The 2008 tournament got off to a slow start for the Kings XI Punjab, with the team losing their first two games. However, 94 runs by Kumar Sangakkara helped them to win the third game. Despite the absence of Brett Lee and Simon Katich (who were committed to tour the West Indies with Australia), the team found its groove. Powered by their balanced bowling line-up and effective top order, the team won nine of its next 10 matches, clinching a berth in the semi-final, where their run in the tournament came to an end with a comprehensive nine-wicket loss to the Chennai Super Kings.

Shaun Marsh was arguably KXIP's star player in the inaugural IPL. The opener from Western Australia was overlooked in the IPL player auctions and was signed by the franchise on 9 April. He finished the tournament as the Orange Cap holder—the award for the player with the most runs across the competition—with an average of 68.44 and a strike rate of 139.68 in 11 innings. Marsh managed to hit one century and five half-centuries across the course of the tournament.

2009 IPL season 

Finishing as semi-finalists in 2008, Kings XI Punjab started with ambitions to win the trophy. These were supported by their new sponsors Emirates. With two available slots to fill, the Kings XI Punjab made bids on Jerome Taylor and Yusuf Abdulla at the second IPL auction.

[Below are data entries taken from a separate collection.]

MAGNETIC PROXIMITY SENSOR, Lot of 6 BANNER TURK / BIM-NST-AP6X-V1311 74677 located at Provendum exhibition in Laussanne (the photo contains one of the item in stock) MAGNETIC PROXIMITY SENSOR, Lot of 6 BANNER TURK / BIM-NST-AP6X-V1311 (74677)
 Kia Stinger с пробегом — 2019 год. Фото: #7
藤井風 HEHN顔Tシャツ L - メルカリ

The team took a hit as most of their Australian cricketers were unavailable. The team lacked available pace bowlers after Jerome Taylor backed out at the last minute with an injury.

The team lost badly to the Delhi Daredevils and the Kolkata Knight Riders (KKR), however, they returned to form by beating the Royal Challengers, the Rajasthan Royals and the Mumbai Indians. Then the team witnessed a roller-coaster ride in their next eight matches with four wins and four losses. The team's semi-final hopes were crushed after losing to the Chennai Super Kings in their last match.

2010 IPL season 

Kings XI Punjab lost six matches to the Kolkata Knight Riders, the Delhi Daredevils, the Royal Challengers Bangalore, the Deccan Chargers, the Rajasthan Royals and the Mumbai Indians but managed to win a match against Chennai Super Kings when the scores were level and the match went to a Super Over. Kings XI Punjab were boosted by the return of Brett Lee against Kolkata, but he was not at his best. Shaun Marsh returned in the match against the Mumbai Indians. In spite of his good performance, which included a half century, the team lost the match. They ended the 2010 IPL in the last position.

2011 IPL season 

The 2011 IPL season looked promising when they brought a full strength team with Michael Bevan as coach and Adam Gilchrist appointed as the captain.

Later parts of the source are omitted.